12. Video Waiters, Most of Whom Are Dead Celebrities
In the future, we’ll order all our food from buggy Max Headroom-esque images of famous dead people. Ronald Reagan, Michael Jackson… All they need is to build a shouting Billy Mays model and I will buy anything it offers, including a trip to…
13. The Rejuvenation Clinic
They’ll fix your skin, your hair, your blood, your colon, and then you can get a mask to cover it all up to keep from startling your friends. But what about your dog, who by comparison is now much more ugly than you are?
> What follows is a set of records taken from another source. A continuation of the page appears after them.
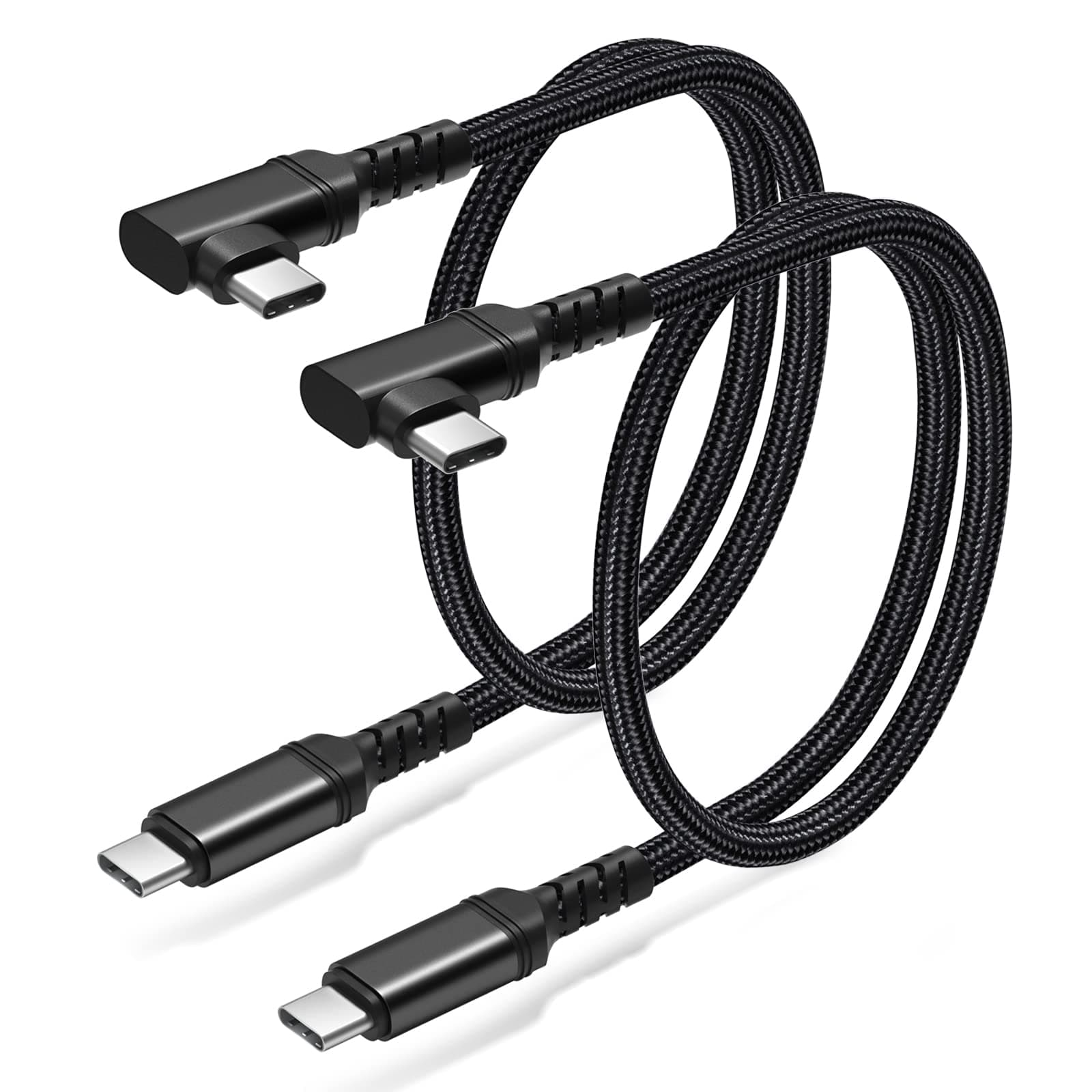 20Gbps Right Angle USB C to USB C Cable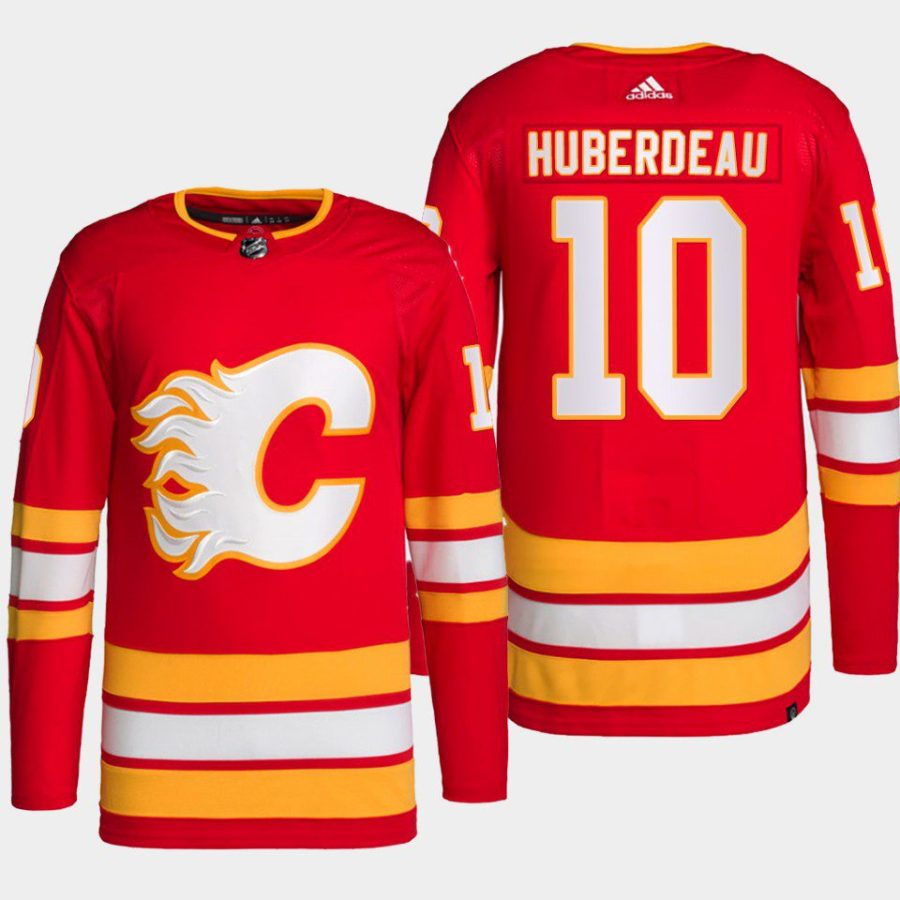 men flames jonathan huberdeau home primegreen authentic red jersey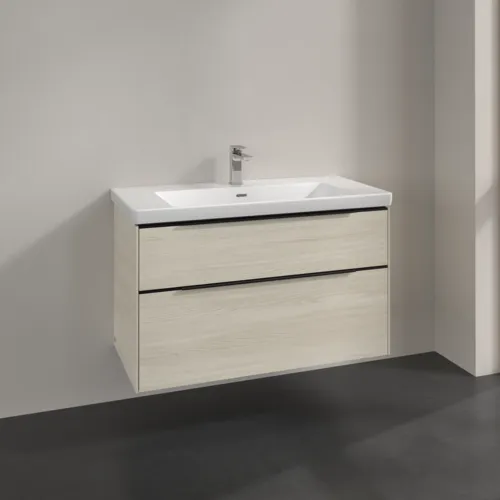 Bild von VILLEROY BOCH Subway 3.0 Waschbeckenunterschrank, 2 Auszüge, 973 x 576 x 478 mm, White Oak #C57001AA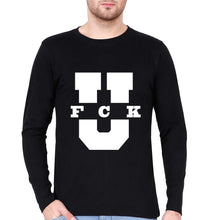 Load image into Gallery viewer, Fuck U Full Sleeves T-Shirt for Men-Black-Ektarfa.online
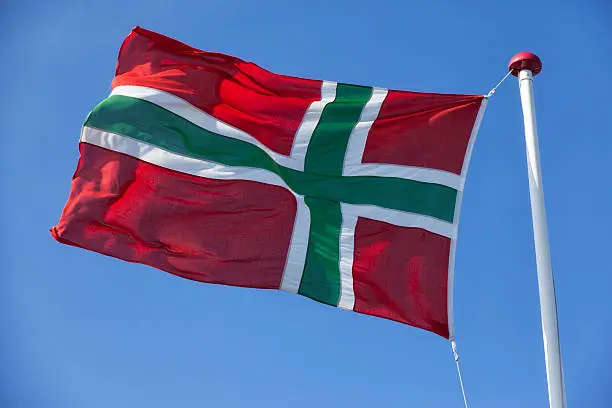 The flag for Bornholm. Small danish island...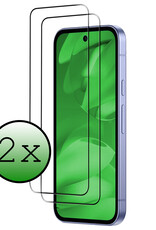 BASEY. BASEY. Google Pixel 9a Screenprotector Glas Full Cover - 2 PACK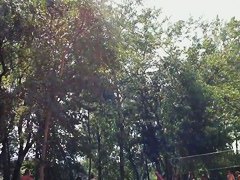 Mature nudist voyeur video with big naked chicks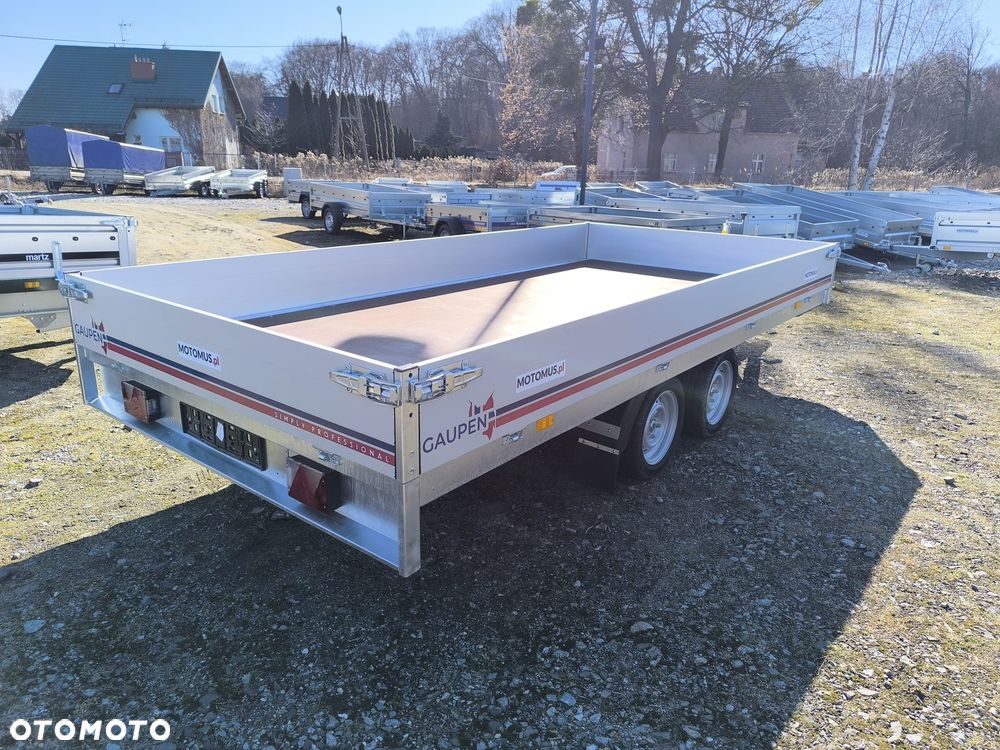 Neptun Przyczepa Neptun Gaupen N27-405 2 HL Nordica PRO 405x197,5x30 DMC 2700kg burty alu mocna spawana Wrocław Motomus - 5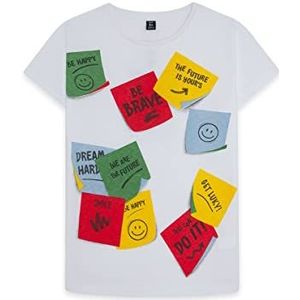 Tuc Tuc Boys-Happy Message T-shirt, wit, regular voor kinderen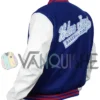 Toronto Blue Jays Blue Varsity Jacket left back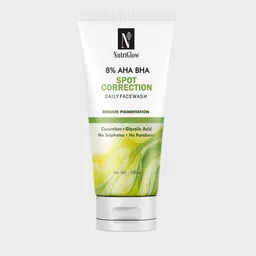 NutriGlow 8% AHA BHA Spot Correction Daily Face Wash with Cucumber - 100 ml-40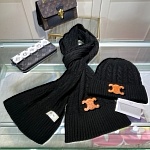 Celine Wool Hat And Scarf Set Unisex # 273584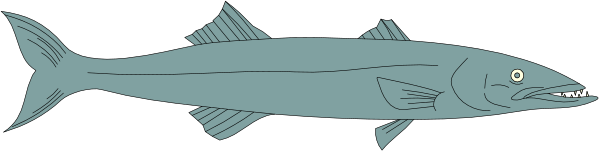 The image shows a blue fish with an open mouth swimming next to another similar looking fish on what appears to be a dark background.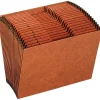 Globe-Weis® A-Z High-Quality Expanding File, Letter Size, Brown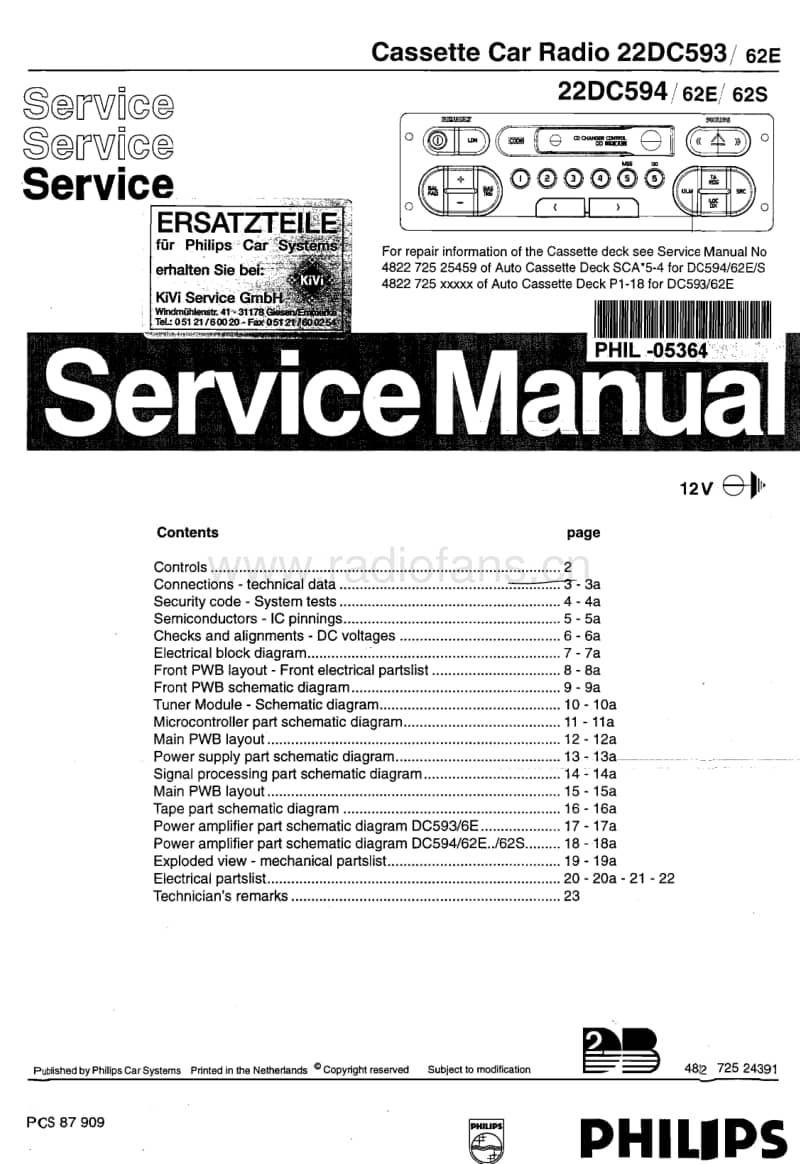 Philips-DC-593-Service-Manual电路原理图.pdf_第1页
Well, for the time being, why don’t you send Fido to…
14. The Suspended Animation Kennel
15. Robotic Journalist
It takes quotations, pictures, video, and audio recordings. Oh, and it also hovers. It is better than you in every single way. Although why it still writes for the dying newspaper industry is anybody’s guess.
16. Robotic Trash Can
You could’ve made something out of yourself, Litter Bug. But no, you spent all your time playing those damn hovervideo games. Well, I just hope you’re happy with the life you’ve chosen. If only you applied yourself, you could’ve become…
17. Robotic Dog Walker
18. Biometric Thumbprint Database
In a few years, anybody can be positively identified based on the pattern of their thumbprint. But if this sounds like a horrible Orwellian type of thing, don’t worry! You can also use your thumbprint to pay for $100+ cab rides and to open your house’s front door. It’ll even play a custom sound when you walk in! (Mine’s gonna be one of the bass licks from “Seinfeld” followed by canned audience applause.)
19. Scene Screens and The Scenery Channel
20. Voice Controlled Garden Center
21. (Edible) Dehydrated Food
The film also managed to do the impossible: It made dehydrated food look downright appetizing, and it presented a future where a Pizza Hut pizza makes it all the way to a family’s kitchen table without looking like somebody used the box to chock an airplane wheel.
So that’s most of it. Hopefully in five short years, all these wonderful things will be ours. Otherwise future generations are going to look back at an amazing and beloved movie and wonder what the hell we were all thinking. I don’t know about the rest of you, but I’d hate to have to see that happen. So come on world, don’t let Back To The Future II down!